Should we be excited or worried by advances in technology? There are innovators dedicated to using cyber to better our lives, and scammers equally determined to use computers for covert destructiveness. There’s global evidence that hacker attacks on system networks will become the most devastating form of future warfare.
A news headline screams, “We Are in the Middle of the Age of Cyberwars.” Drones are available online and in hobby shops. Artificial Intelligence (AI) is projected to surpass our own human intelligence. Malware was discovered targeting the Olympic Infrastructure. Ransomware – malicious software designed to block access to a computer system until a sum of money is paid – is a menacing threat to companies, banks, governments, and you and me.
As the volume and sophistication of cyber attacks grow, top intelligence officials caution that cyber theft and digital spying are the top threat to national security, eclipsing even terrorism.
We'd assume that the CIA and the FBI use properly secured software. But last year Kane Gamble, a teenager operating from his bedroom in Leicestershire, England, used “social engineering” — a fancy name for manipulating people — to access the accounts of the leaders of these agencies. By impersonating the director of the CIA and the deputy director of the FBI this 15 year old was given access to their emails, including classified material about intelligence operations in Afghanistan and Iran.
If a skillful teenager with limited equipment can hack into the top-secret accounts, imagine what countries with huge espionage budgets can accomplish.

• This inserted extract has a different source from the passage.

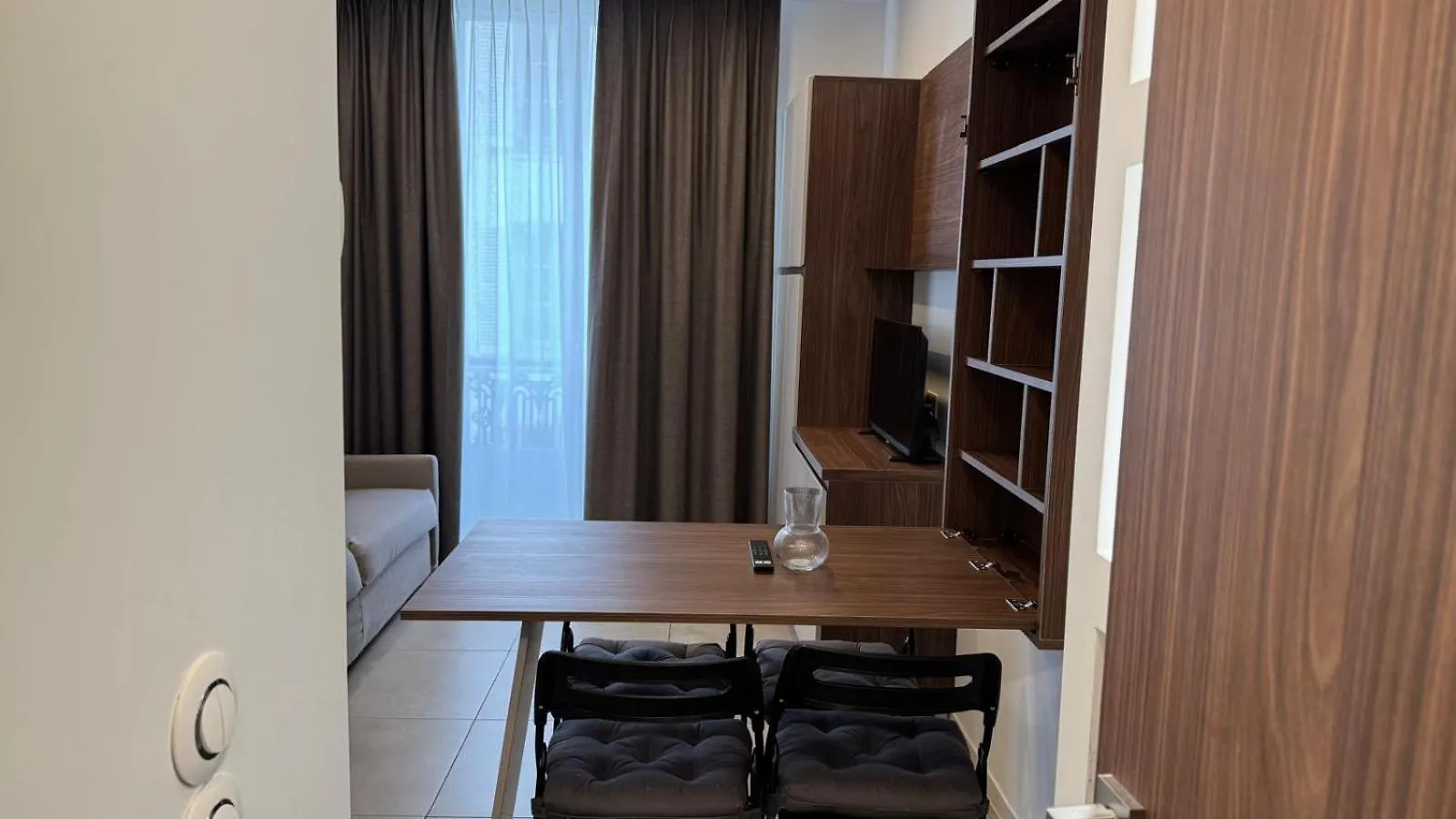 Multiresidence L'Elysee París 0*,  Francia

Attacks like these are difficult to prevent, and it’s almost impossible to prove who the perpetrators are:
It’s nearly 10 years since the computers of the Tibetan government in exile were found to be infested with sophisticated spyware, presumably Chinese.
Perhaps the most successful system infiltration was the joint US/Israeli Stuxnet attack on the Iranian nuclear program in 2009.

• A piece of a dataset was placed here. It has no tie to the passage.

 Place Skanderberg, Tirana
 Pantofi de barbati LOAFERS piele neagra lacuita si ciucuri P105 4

There is increasing evidence of attacks of this sort by Russia — against Estonia and then against Ukraine — where tens of thousands of hackings into everything from power supplies to voting machines have opened an under-reported front in an under-reported war.
Great Britain and the Trump administration blame North Korea for the reckless WannaCry cyber attacks that crippled hospitals, banks, and companies across the globe. The UK and US launched retaliatory measures against North Korea to interfere with North Korea’s nuclear missile program.
Across the Baltic, the Swedish government announced a beefed-up program of civil defense, with the most substantial part an attempt to protect its software and networks from attacks.
The British government is planning to spend £1.9bn on cyber security between now and 2021. Their parliament’s intelligence committee concluded that China and Iran should be added to Russia and North Korea as countries that could threaten the infrastructure of the UK.
This may all seem far away from home, but it’s not. The systems that support our daily living — electricity, water, transportation, and banking — are all dependent on the Internet. Our own personal information and passwords are the drivers that make smart devices work. Connected devices, digitized records, smart cars, smart homes, and smart cities are our new reality. With all its advantages, increased connectivity brings increased risk of theft, fraud, and abuse.
So should we be excited or worried by these advances in technology?
Let’s enjoy the benefits and mitigate the risks. Although we may not have invited technology into our lives to the degree that it exists, cyber security is a shared responsibility. It’s important for each of us to understand how to use these innovations in safe and secure ways.
Stopthinkconnect.org is a website full of informative tips. It tells us how to protect the security of any of the ways we use cyberspace. It offers best practices for how to guard personal information and how to use social media safely. It provides travel tips, guides for online safety, how to use public WiFi, and how to report cyber crime, phishing, and more.
I admit to feeling intimidated by the challenge of making my phone, tablet, and computer secure, but I’m open to it.
Like it or not, we’re all in cyber soup together!